October 26, 2020
Stocks are getting hit, to open the week.
With eight days until the very high stakes election, the market seems to be coming to the realization that a second fiscal stimulus/ aid package isn't coming.
With respect to the stimulus, both parties should just take the deal in front of them, and then work to reallocate funds (to the extent they can, to meet their own policy objectives) after the election. In the event of a split Congress (highest probability), both candidates would not see another stimulus penny, unless the economy melts down again.
On the election front, what are the prospects of a drawn out vote count, or even contested election?

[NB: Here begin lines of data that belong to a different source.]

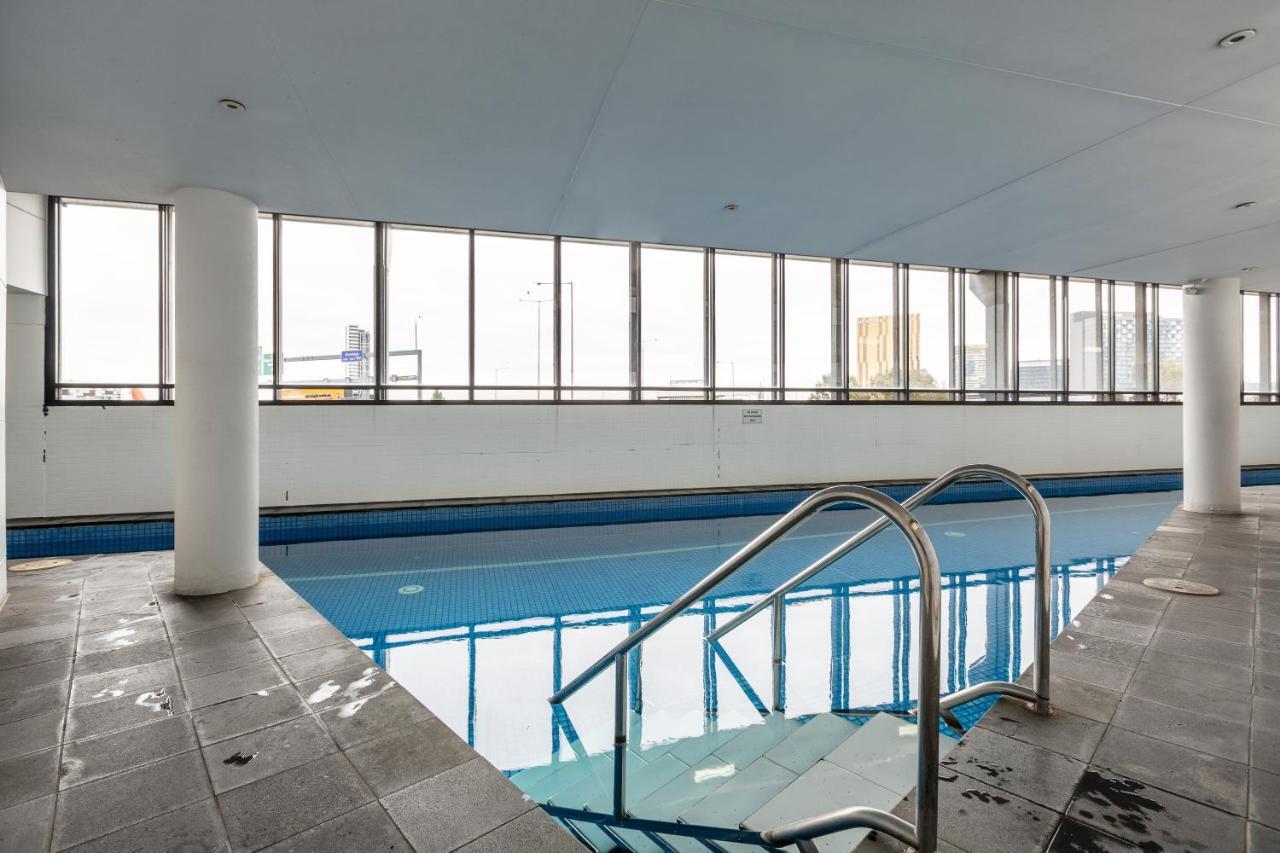 ☆Of Southbank☆Light Filled Apartment☆Huge Private Terrace With City Views☆Parking☆Pool☆Gym☆Wifi Melbourne Buitenkant foto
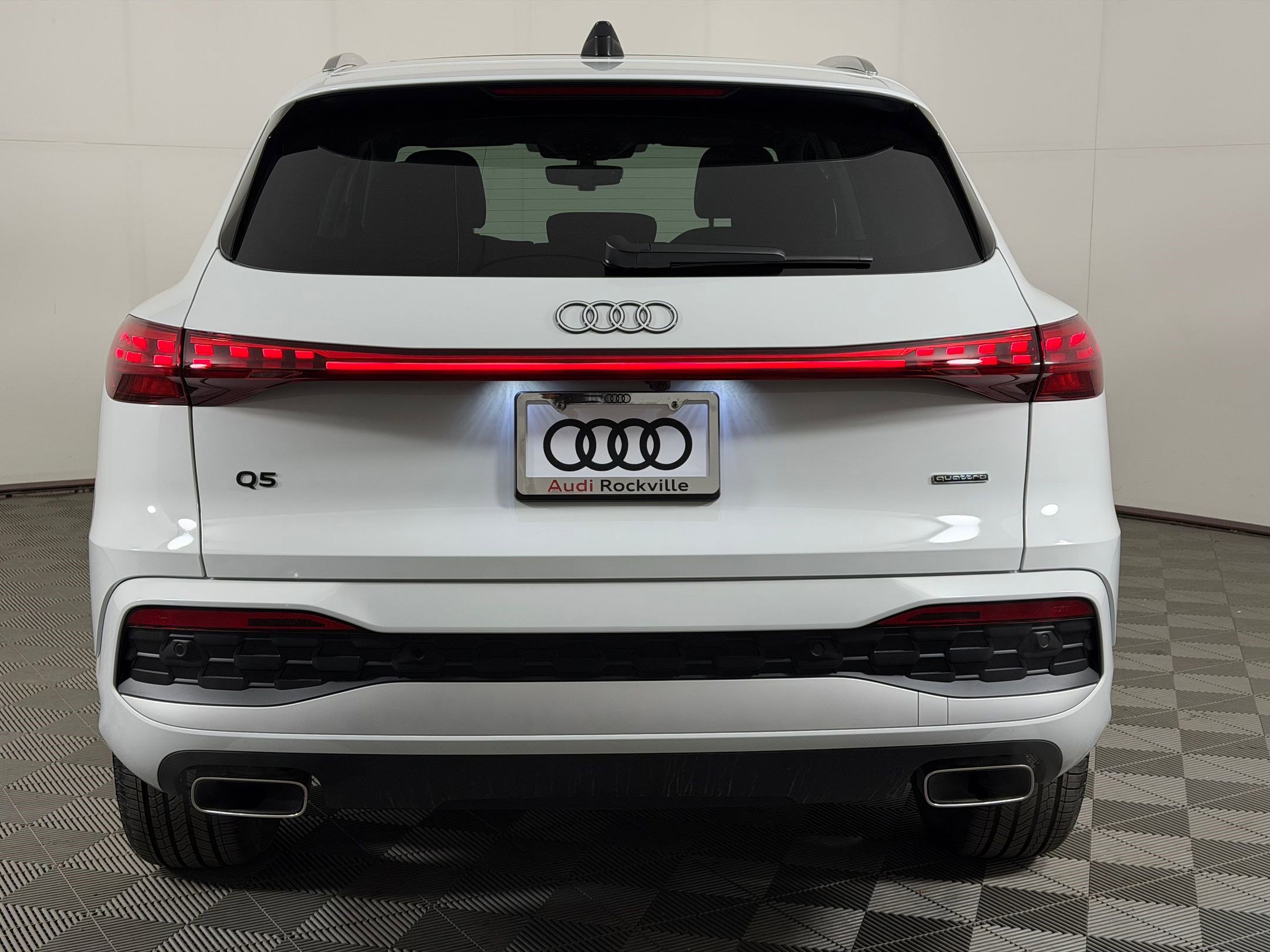 New 2026 Audi Q5 Premium AWD/4WD image 10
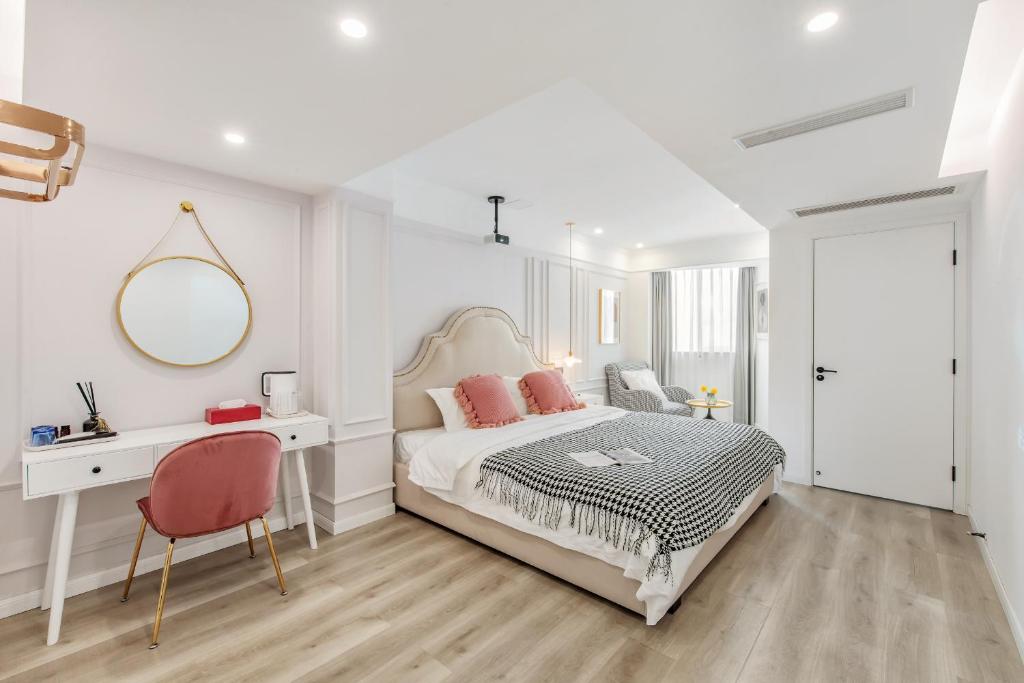 a bedroom with a bed and a desk and a mirror at 云深处江景公寓 in Chongqing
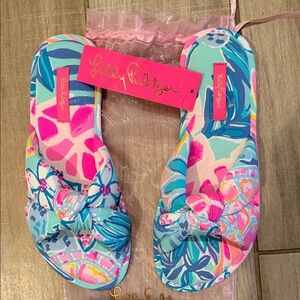 Lilly Pulitzer Floral Knot Slide Sandals 
Sea Glass Rainforest Retreat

These scenarios would likely come into play if Trump were to win the key toss up states. Why? Among those states, six out of eleven require that mail-in ballots only to be postmarked by November 3rd (PA, NC, OH, MN, TX and NV). That would create a window of several days where there would be an unknown outcome. And if the election day outcome were overturned with mail-in votes, it's pretty safe to say the election would be disputed, with the potential of ending up in the hands of the Supreme Court.
Now, as we know, stocks are not only a barometer of confidence, but also can influence confidence in the economy. With that, stocks test this big trendline today — the line coming in from the March lows. This chart will be key to watch in the coming days.
While down 2% to open the week looks shaky for stocks, there does not appear to be a significant "flight to safety" underway. Gold is flat on the day. And the 10-year U.S. yield (Treasuries), which traded as high as 87 basis points last week, holds in around 80 basis point this afternoon. So the bond market, which has been reflecting an improving economy, isn't telling a very different story to start the week.